#### Question

A block of mass m moves on a horizontal circle against the wall of a cylindrical room of radius R. The floor of the room on which the block moves is smooth but the friction coefficient between the wall and the block is μ. The block is given an initial speed v_{0}. As a function of the speed v write (a) the normal force by the wall on the block, (b) the frictional force by wall and (c) the tangential acceleration of the block. (d) Integrate the tangential acceleration \[\left( \frac{dv}{dt} = v\frac{dv}{ds} \right)\] to obtain the speed of the block after one revolution.

#### Solution

Given:

Radius of the room = R

Mass of the block = m

(a) Normal reaction by the wall on the block = N = \[\frac{m v^2}{R}\]

(b) Force of frictional by the wall = \[\mu N = \frac{\mu m v^2}{R}\]

(c) Let a_{t} be the tangential acceleration of the block.

From figure, we get :

\[- \frac{\mu m v^2}{R} = m a_t \]

\[ \Rightarrow a_t = - \frac{\mu v^2}{R}\]

(d) \[\text { On using a }= \frac{dv}{dt} = v\frac{dv}{ds}, \text { we get : } \]

\[v\frac{dv}{ds} = \frac{\mu v^2}{R}\]

\[ \Rightarrow ds = - \frac{R}{\mu}\frac{dv}{v}\]

\[\text { Integrating both side, we get : } \]

\[s = - \frac{R}{\mu}\text{In v + c }\]

\[\text{ At, s = 0, v = v}_0 \]

\[\text{ So, c} = \frac{R}{\mu}\text{ In v}_0 \]
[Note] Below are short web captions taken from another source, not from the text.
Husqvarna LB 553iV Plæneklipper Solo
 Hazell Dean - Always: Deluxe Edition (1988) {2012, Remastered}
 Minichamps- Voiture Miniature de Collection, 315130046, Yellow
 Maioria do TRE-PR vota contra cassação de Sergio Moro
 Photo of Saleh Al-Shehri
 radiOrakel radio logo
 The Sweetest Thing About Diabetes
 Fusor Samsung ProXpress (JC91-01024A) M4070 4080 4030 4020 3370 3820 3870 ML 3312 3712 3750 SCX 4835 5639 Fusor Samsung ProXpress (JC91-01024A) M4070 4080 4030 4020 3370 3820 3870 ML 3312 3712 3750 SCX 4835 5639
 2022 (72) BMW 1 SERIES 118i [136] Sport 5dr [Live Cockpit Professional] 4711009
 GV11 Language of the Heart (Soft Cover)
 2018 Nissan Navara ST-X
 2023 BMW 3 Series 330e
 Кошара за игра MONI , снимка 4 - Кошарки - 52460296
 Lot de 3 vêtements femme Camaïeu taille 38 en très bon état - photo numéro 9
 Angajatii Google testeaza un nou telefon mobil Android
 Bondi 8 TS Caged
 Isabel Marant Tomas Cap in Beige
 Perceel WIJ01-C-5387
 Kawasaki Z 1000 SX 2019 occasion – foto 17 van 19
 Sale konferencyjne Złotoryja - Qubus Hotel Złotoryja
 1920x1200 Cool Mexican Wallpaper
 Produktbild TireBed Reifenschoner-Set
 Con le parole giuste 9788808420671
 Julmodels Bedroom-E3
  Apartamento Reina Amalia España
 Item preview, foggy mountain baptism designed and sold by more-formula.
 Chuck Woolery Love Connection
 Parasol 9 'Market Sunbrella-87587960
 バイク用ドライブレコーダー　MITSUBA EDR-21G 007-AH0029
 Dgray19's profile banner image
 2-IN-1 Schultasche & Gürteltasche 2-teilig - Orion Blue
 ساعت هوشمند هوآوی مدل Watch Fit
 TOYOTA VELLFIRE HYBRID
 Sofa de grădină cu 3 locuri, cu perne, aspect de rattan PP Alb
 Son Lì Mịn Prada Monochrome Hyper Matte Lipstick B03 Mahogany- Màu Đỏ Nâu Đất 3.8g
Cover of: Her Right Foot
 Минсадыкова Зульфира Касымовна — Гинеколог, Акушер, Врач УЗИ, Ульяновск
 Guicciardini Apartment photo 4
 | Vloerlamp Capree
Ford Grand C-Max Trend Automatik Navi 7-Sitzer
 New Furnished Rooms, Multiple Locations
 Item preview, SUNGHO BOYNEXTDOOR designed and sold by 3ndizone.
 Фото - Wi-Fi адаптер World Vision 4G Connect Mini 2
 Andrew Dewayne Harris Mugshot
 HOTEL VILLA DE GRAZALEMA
\[ \Rightarrow s = - \frac{R}{\mu}\text{ In}\frac{v}{v_0}\]

\[ \Rightarrow \frac{v}{\text{v}_0} = e^{- \frac{\mu \text{s}}{R}} \]

\[ \Rightarrow \text{v = v}_0 e^{- \frac{\mu s}{R}} \]

\[\text { For one rotation }, \text { we have : }\]

\[s = 2\pi r\]

\[ \therefore \text{v = v}_0 e^{- 2\pi\mu} \]